→ Your assignment:
Reproduce the entries exactly as they appear below.

→ Task inputs:
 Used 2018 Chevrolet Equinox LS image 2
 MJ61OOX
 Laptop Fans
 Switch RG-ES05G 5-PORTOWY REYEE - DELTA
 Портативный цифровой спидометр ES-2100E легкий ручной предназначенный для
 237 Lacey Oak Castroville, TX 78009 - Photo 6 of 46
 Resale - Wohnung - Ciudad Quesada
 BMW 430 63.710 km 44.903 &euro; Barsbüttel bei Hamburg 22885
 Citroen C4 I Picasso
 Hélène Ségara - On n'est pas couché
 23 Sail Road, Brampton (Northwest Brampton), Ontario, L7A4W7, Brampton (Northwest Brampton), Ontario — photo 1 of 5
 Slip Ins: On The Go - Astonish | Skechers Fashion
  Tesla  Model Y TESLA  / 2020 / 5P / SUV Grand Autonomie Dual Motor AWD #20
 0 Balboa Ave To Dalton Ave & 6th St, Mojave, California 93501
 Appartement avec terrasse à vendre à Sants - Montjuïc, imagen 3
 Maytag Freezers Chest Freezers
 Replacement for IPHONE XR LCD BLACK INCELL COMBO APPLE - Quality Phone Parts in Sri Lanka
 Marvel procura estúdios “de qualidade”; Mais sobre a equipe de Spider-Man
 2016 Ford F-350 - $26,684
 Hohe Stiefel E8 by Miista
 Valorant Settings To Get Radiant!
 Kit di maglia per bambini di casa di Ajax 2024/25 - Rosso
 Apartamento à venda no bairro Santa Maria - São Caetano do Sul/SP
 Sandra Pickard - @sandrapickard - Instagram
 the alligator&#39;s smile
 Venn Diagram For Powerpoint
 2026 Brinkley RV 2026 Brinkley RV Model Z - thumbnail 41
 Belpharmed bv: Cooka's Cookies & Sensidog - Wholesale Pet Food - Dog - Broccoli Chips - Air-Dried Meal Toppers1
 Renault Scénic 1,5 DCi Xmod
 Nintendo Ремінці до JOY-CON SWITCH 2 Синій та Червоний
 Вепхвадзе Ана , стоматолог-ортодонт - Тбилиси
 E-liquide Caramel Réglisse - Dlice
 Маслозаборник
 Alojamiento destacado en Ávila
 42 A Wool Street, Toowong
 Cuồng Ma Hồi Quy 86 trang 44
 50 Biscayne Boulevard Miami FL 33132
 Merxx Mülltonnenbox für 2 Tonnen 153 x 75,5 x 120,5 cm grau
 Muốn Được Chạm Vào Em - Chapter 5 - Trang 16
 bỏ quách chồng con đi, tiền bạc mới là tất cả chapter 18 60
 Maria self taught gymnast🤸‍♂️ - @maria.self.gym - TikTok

→ Completed task:
 Used 2018 Chevrolet Equinox LS image 2
 MJ61OOX
 Laptop Fans
 Switch RG-ES05G 5-PORTOWY REYEE - DELTA
 Портативный цифровой спидометр ES-2100E легкий ручной предназначенный для
 237 Lacey Oak Castroville, TX 78009 - Photo 6 of 46
 Resale - Wohnung - Ciudad Quesada
 BMW 430 63.710 km 44.903 &euro; Barsbüttel bei Hamburg 22885
 Citroen C4 I Picasso
 Hélène Ségara - On n'est pas couché
 23 Sail Road, Brampton (Northwest Brampton), Ontario, L7A4W7, Brampton (Northwest Brampton), Ontario — photo 1 of 5
 Slip Ins: On The Go - Astonish | Skechers Fashion
  Tesla  Model Y TESLA  / 2020 / 5P / SUV Grand Autonomie Dual Motor AWD #20
 0 Balboa Ave To Dalton Ave & 6th St, Mojave, California 93501
 Appartement avec terrasse à vendre à Sants - Montjuïc, imagen 3
 Maytag Freezers Chest Freezers
 Replacement for IPHONE XR LCD BLACK INCELL COMBO APPLE - Quality Phone Parts in Sri Lanka
 Marvel procura estúdios “de qualidade”; Mais sobre a equipe de Spider-Man
 2016 Ford F-350 - $26,684
 Hohe Stiefel E8 by Miista
 Valorant Settings To Get Radiant!
 Kit di maglia per bambini di casa di Ajax 2024/25 - Rosso
 Apartamento à venda no bairro Santa Maria - São Caetano do Sul/SP
 Sandra Pickard - @sandrapickard - Instagram
 the alligator&#39;s smile
 Venn Diagram For Powerpoint
 2026 Brinkley RV 2026 Brinkley RV Model Z - thumbnail 41
 Belpharmed bv: Cooka's Cookies & Sensidog - Wholesale Pet Food - Dog - Broccoli Chips - Air-Dried Meal Toppers1
 Renault Scénic 1,5 DCi Xmod
 Nintendo Ремінці до JOY-CON SWITCH 2 Синій та Червоний
 Вепхвадзе Ана , стоматолог-ортодонт - Тбилиси
 E-liquide Caramel Réglisse - Dlice
 Маслозаборник
 Alojamiento destacado en Ávila
 42 A Wool Street, Toowong
 Cuồng Ma Hồi Quy 86 trang 44
 50 Biscayne Boulevard Miami FL 33132
 Merxx Mülltonnenbox für 2 Tonnen 153 x 75,5 x 120,5 cm grau
 Muốn Được Chạm Vào Em - Chapter 5 - Trang 16
 bỏ quách chồng con đi, tiền bạc mới là tất cả chapter 18 60
 Maria self taught gymnast🤸‍♂️ - @maria.self.gym - TikTok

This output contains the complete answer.